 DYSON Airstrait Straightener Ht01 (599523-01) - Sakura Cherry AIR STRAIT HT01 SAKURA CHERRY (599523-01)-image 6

★ ★ ★

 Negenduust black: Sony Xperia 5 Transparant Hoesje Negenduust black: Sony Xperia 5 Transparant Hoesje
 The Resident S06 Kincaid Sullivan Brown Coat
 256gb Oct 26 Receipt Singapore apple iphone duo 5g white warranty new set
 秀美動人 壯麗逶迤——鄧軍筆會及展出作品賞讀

★ ★ ★

Scan the entries above for the line containing "Negenduust black: Sony Xperia 5 Transparant Hoesje Negenduust", and copy it and all lines after it exactly, down to and including the line containing "秀美動人 壯麗逶迤——鄧軍筆會及展出作品賞讀".

#### [REPLY TO THE EXERCISE]
 Negenduust black: Sony Xperia 5 Transparant Hoesje Negenduust black: Sony Xperia 5 Transparant Hoesje
 The Resident S06 Kincaid Sullivan Brown Coat
 256gb Oct 26 Receipt Singapore apple iphone duo 5g white warranty new set
 秀美動人 壯麗逶迤——鄧軍筆會及展出作品賞讀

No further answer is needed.